Second woman accuses Franken of inappropriate touchingBy ED O'KEEFE
The Washington Post
November 20. 2017 8:41PM
U.S. Sen. Al Franken, D-Minn., on Monday faced new allegations of inappropriately touching women, but there are no signs he plans to step down amid the swirl of controversy now surrounding him.
The latest accusation surfaced when Lindsay Menz, 33, of Frisco, Texas, told CNN that Franken, 66, grabbed her when they posed for a photo together at the 2010 Minnesota State Fair. Franken, a second-term senator, already faces a Senate ethics investigation into allegations that he inappropriately touched a fellow performer on a USO tour in 2006.
He is the first sitting lawmaker to face accusations by women of inappropriate behavior in the wake of an ongoing wave of allegations against powerful men across American society.
Menz said she attended the fair with her husband and father and met the senator at a local radio booth sponsored by her father’s business. As her husband held up a phone to take the photo, Franken “pulled me in really close, like awkward close, and as my husband took the picture, he put his hand full-fledged on my rear,” Menz told CNN. “It was wrapped tightly around my butt cheek.”
“It wasn’t around my waist. It wasn’t around my hip or side. It was definitely on my butt,” she told the news channel. “I was like, oh my God, what’s happening.”
In a statement to CNN, Franken did not deny the incident took place.
“I take thousands of photos at the state fair surrounded by hundreds of people, and I certainly don’t remember taking this picture. I feel badly that Ms. Menz came away from our interaction feeling disrespected,” Franken said in a statement to CNN.
Franken’s office did not return a separate request for comment. Over the weekend, an aide told the Minneapolis Star Tribune that Franken planned to spend the Thanksgiving holiday week with his family in Washington, “and he’s doing a lot of reflecting.”
Multiple senior Democrats on Monday said Franken is not expected to resign over the latest allegations, nor is he expected to face calls for his ouster from Democratic congressional colleagues.
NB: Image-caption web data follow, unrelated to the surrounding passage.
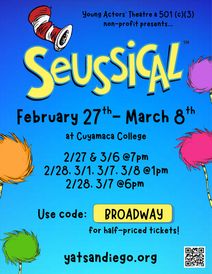 Seussical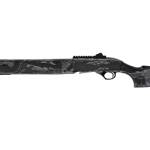 Beretta A300 Ultima Patrol semi-automatic shotgun with 19.1-inch barrel and Tiger Stripe finish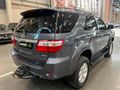 2011 Toyota Fortuner 3.0 D-4D 4x4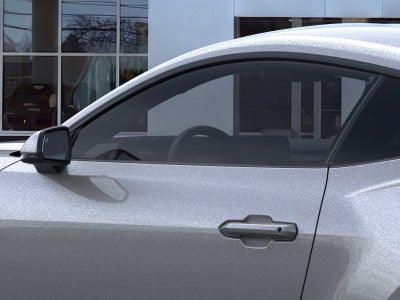 2026 Ford Mustang Base
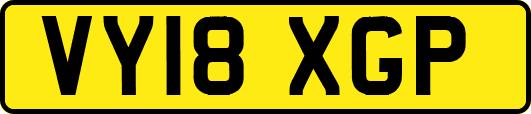 VY18XGP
These Democrats, who were granted anonymity to speak frankly about the matter, said they see no reason for Franken to step down as long as he agrees to participate in an investigation by the Senate Ethics Committee.
Last week Republicans and Democrats quickly denounced Franken after Leeann Tweeden, a Los Angeles radio news anchor and former model, accused the senator of forcibly kissing her and later grabbing her breasts while she slept on the flight home during an overseas USO tour in 2006. She offered photographic proof of the latter accusation.
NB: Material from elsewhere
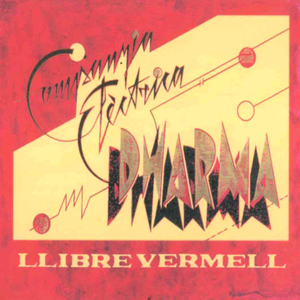Llibre vermell cover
In response, Franken apologized and agreed to face an ethics investigation. He also contacted Tweeden, apologized and asked to meet with her. She said on a national television program that she would do so.
The growing accusations against Franken come as Alabama Republican U.S. Senate candidate Roy Moore faces calls to drop out of a special election amid accusations first reported by The Washington Post that he pursued or assaulted underage women in the 1970s and 1980s.
While senior congressional Republicans have called on Moore to exit the race, he has so far refused to do so.